Dans le même temps, l’écrivain était considéré comme une personne contradictoire cultivant nombre d’incertitudes sur différents thèmes en débat dans la société de l’époque dont les inégalités sociales et la condition féminine. Il était ainsi prêt à se contredire s’il le fallait.

Au terme de la pièce, Élisabeth figure plus que jamais le doute et l’indécision propres à l’auteur de La Révolte.

La posture de l’héroïne?


Elle résume ainsi sa position: «Je veux vivre». Ce cri intérieur fait songer à certains personnages féminins dans Les Haut de Hurlevent d’Emily Brontë.

Sa rupture repose à la fois sur une longue réflexion et une grande souffrance vécue sur le long terme. Tout cela se traduit par un rêve incertain si plein de doutes.

Cela rejoint l’état d’esprit de notre époque. Celui d’un doute permanent. Que ce soit sur le plan existentiel, économique ou géopolitique.

Qu'en est-il de la scénographie?


Le décor se démarque des didascalies de la pièce.

Le souhait était de recréer un lieu indéfini oscillant entre présence et absence. Il y a l’empreinte de la froideur issue du monde bancaire mais le lieu peut évoquer ici un sous-marin, là une salle de sport réinventée.

Félix peut y cultiver à la fois son corps et son bénéfice. Les colonnes représentent la puissance du métal ainsi qu’en témoigne l’édification de la Tour Eiffel (1887-89). Au sol, le damier évoque le jeu d’échecs.

Dans une atmosphère lynchienne renforcée par le travail sur la lumière et les on, c’est une scénographie jouant volontairement de la symétrie.

Où est alors la place à faire au rêve pour Élisabeth qui se heurte aux piliers?

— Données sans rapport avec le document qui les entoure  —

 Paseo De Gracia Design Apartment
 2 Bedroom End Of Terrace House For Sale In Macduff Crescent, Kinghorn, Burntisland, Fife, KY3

Propos recueillis par Pierre Siméon


La Révolte

Du 7 au 16 mars 2025 à La Julienne, Plan-les-Ouates

Villiers de l’Isle-Adam, texte - Philippe Lüscher, mise en scène et scénographie
Avec Emilie Cavalieri et Simon Labarrière

Informations, réservations: https://www.saisonculturelleplo.ch/la-revolte


* Felix ne reconnait en son épouse qu’«une brave petite femme, et surtout une femme de tête». Et s’il a triplé sa fortune comme il le dit, c’est bien grâce à l’inlassable travail et l’engagement à fort peu de frais d’Élisabeth à ses côtés, ndr.